* Your assignment
Omit the images. Restate all of the records word for word.

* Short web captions

——————————

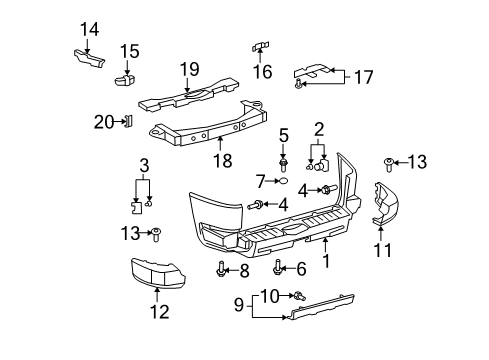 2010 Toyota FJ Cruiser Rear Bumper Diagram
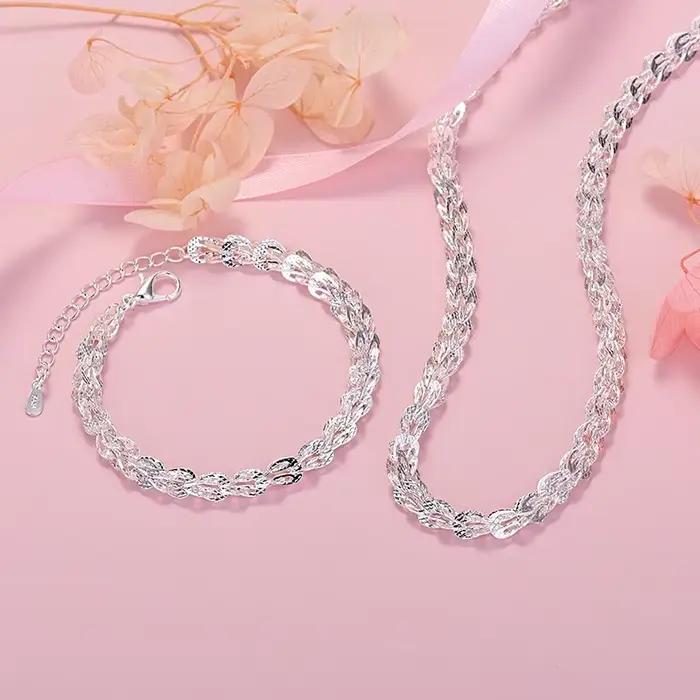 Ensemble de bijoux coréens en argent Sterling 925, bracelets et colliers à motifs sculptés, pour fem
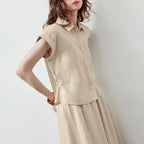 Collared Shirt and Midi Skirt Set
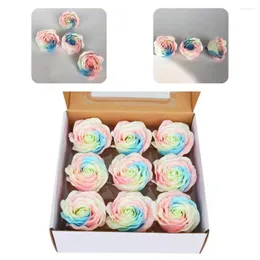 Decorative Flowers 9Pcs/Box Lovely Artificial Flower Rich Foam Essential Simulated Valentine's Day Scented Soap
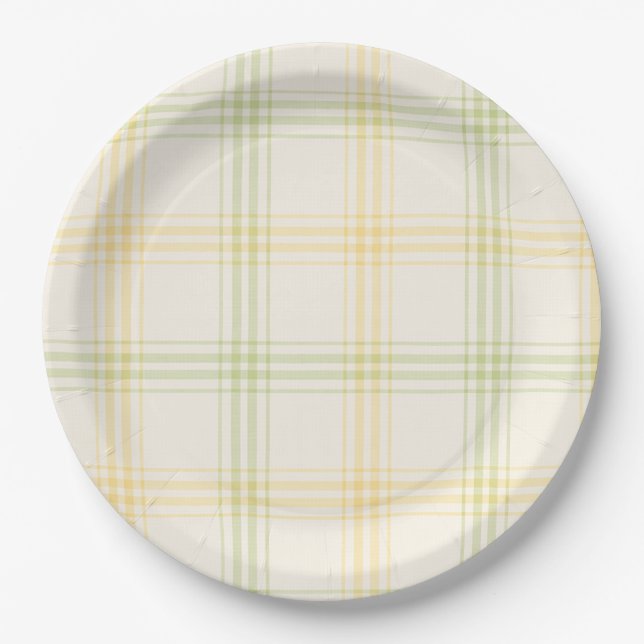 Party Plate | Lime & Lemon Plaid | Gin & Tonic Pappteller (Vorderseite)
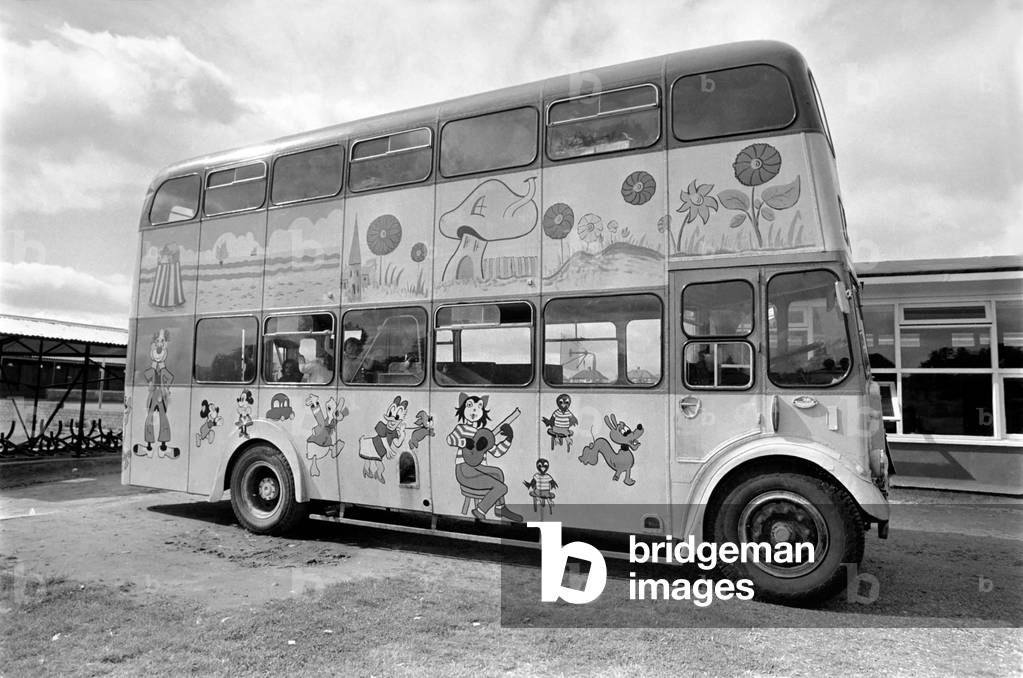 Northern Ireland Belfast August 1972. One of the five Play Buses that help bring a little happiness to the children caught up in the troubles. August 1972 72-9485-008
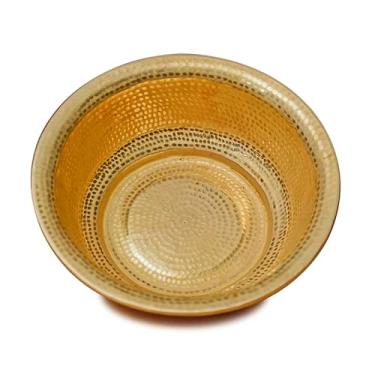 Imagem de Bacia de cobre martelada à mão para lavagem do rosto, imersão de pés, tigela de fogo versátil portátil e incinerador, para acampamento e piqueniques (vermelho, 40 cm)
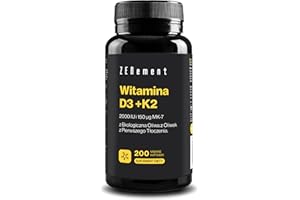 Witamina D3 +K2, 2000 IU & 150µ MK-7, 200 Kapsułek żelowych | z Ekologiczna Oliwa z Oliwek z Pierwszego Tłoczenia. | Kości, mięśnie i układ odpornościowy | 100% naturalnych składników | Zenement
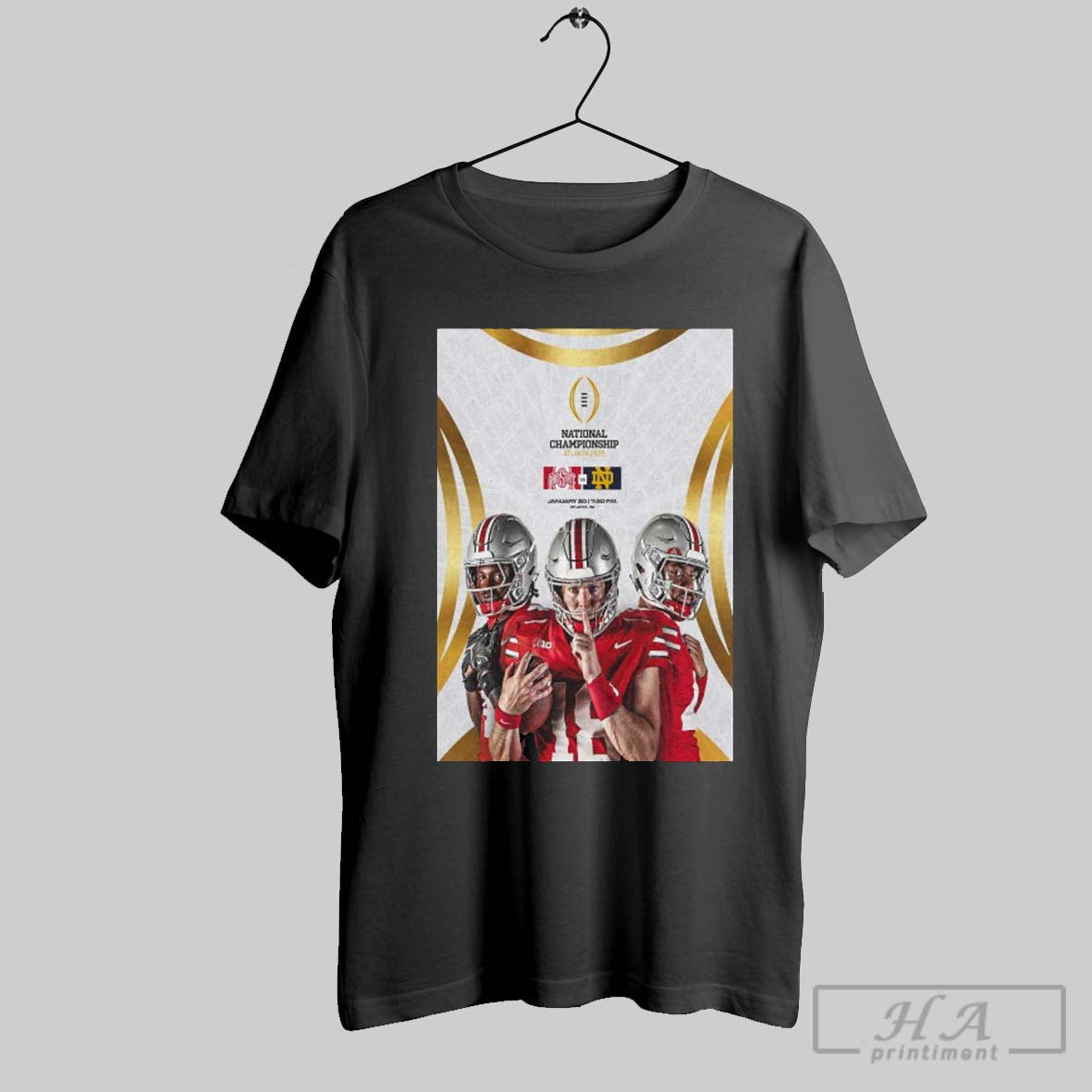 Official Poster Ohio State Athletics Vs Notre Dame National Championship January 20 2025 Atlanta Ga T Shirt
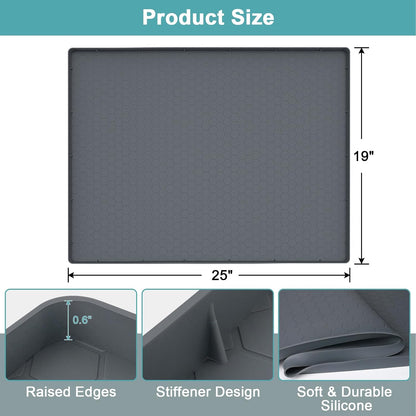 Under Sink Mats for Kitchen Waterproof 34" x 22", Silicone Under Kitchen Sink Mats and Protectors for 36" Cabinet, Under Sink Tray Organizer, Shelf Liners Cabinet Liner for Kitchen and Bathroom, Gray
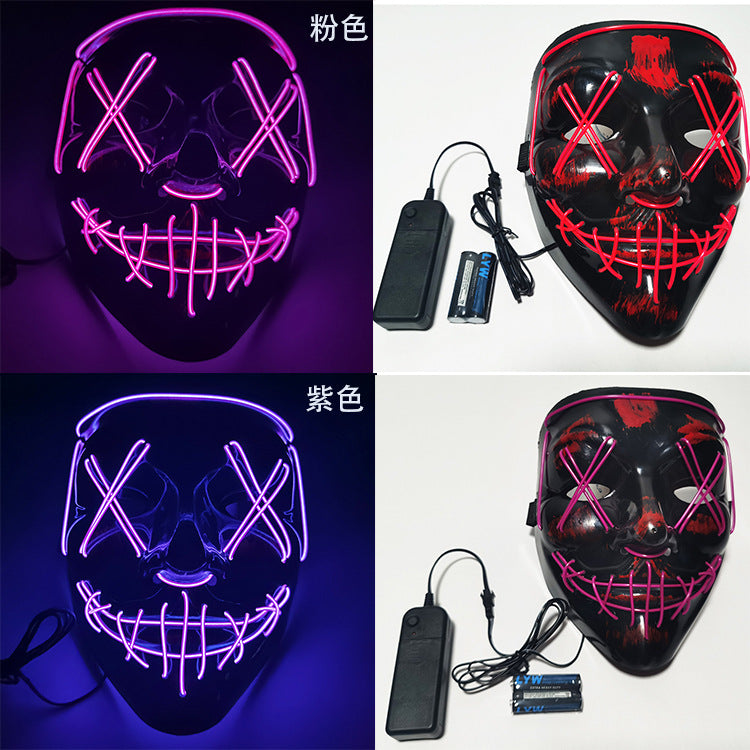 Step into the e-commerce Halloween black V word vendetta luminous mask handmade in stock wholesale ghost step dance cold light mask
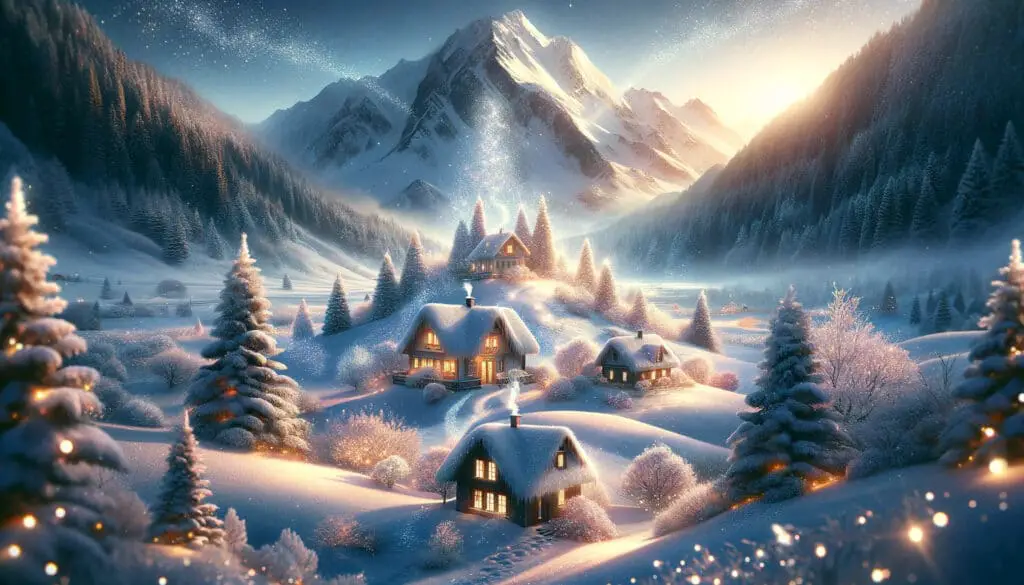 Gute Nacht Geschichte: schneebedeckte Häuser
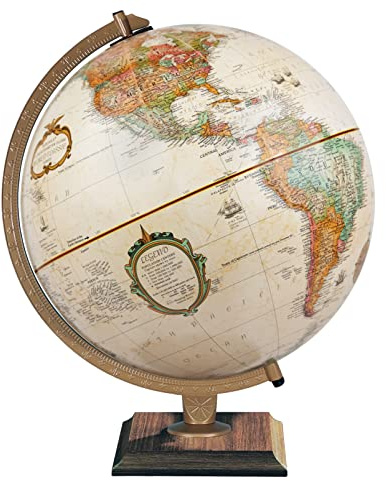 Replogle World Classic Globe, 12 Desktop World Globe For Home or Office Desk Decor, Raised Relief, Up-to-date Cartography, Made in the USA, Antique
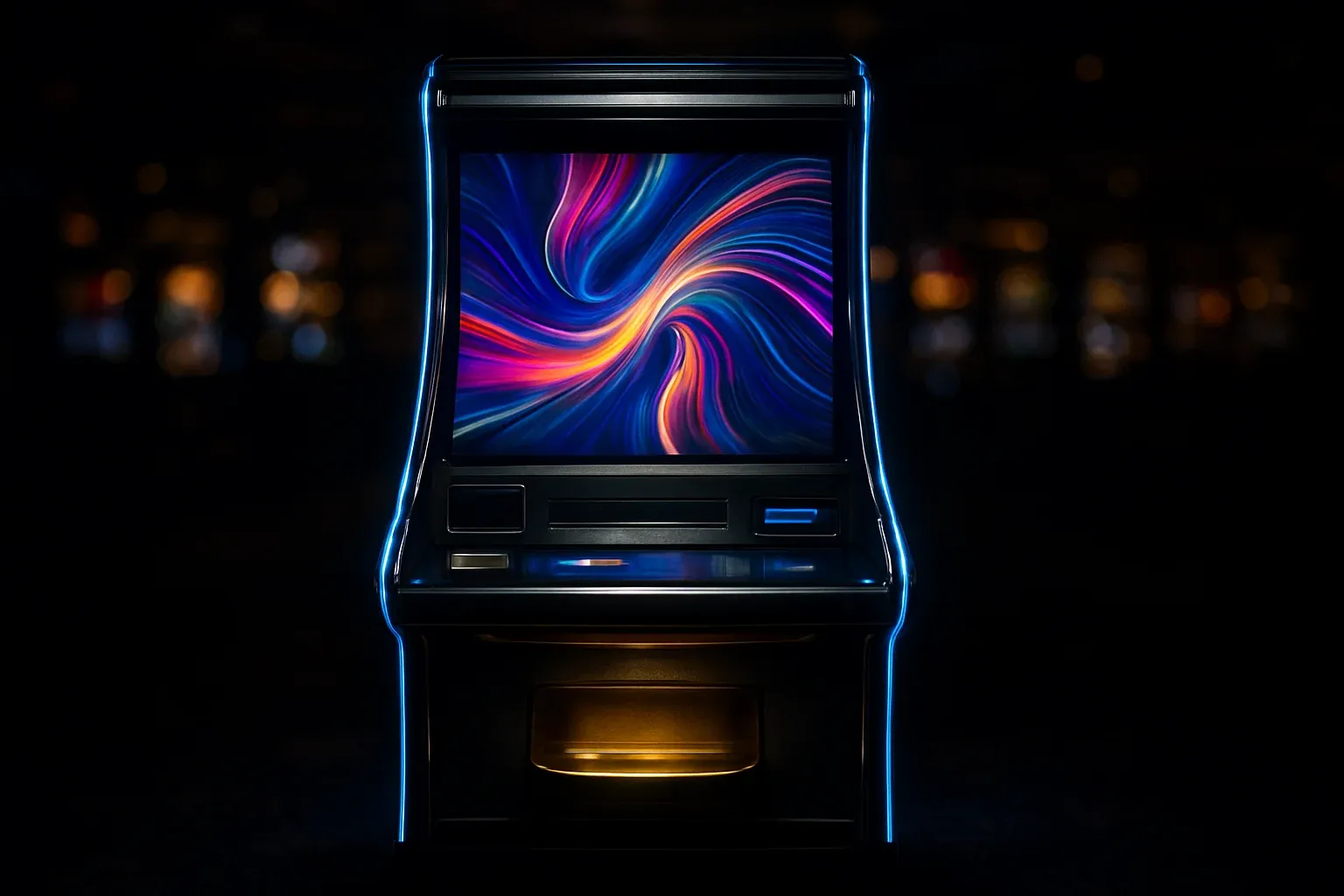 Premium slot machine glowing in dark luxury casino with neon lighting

——————————

* Output for this task
 2010 Toyota FJ Cruiser Rear Bumper Diagram
 Ensemble de bijoux coréens en argent Sterling 925, bracelets et colliers à motifs sculptés, pour fem
 Collared Shirt and Midi Skirt Set
 Decorative Flowers 9Pcs/Box Lovely Artificial Flower Rich Foam Essential Simulated Valentine's Day Scented Soap
 Party Plate | Lime & Lemon Plaid | Gin & Tonic Pappteller (Vorderseite)
 Northern Ireland Belfast August 1972. One of the five Play Buses that help bring a little happiness to the children caught up in the troubles. August 1972 72-9485-008
 Imagem de Bacia de cobre martelada à mão para lavagem do rosto, imersão de pés, tigela de fogo versátil portátil e incinerador, para acampamento e piqueniques (vermelho, 40 cm)
 Witamina D3 +K2, 2000 IU & 150µ MK-7, 200 Kapsułek żelowych | z Ekologiczna Oliwa z Oliwek z Pierwszego Tłoczenia. | Kości, mięśnie i układ odpornościowy | 100% naturalnych składników | Zenement
 Official Poster Ohio State Athletics Vs Notre Dame National Championship January 20 2025 Atlanta Ga T Shirt
 Under Sink Mats for Kitchen Waterproof 34" x 22", Silicone Under Kitchen Sink Mats and Protectors for 36" Cabinet, Under Sink Tray Organizer, Shelf Liners Cabinet Liner for Kitchen and Bathroom, Gray
 Step into the e-commerce Halloween black V word vendetta luminous mask handmade in stock wholesale ghost step dance cold light mask
 Gute Nacht Geschichte: schneebedeckte Häuser
 Replogle World Classic Globe, 12 Desktop World Globe For Home or Office Desk Decor, Raised Relief, Up-to-date Cartography, Made in the USA, Antique
 Premium slot machine glowing in dark luxury casino with neon lighting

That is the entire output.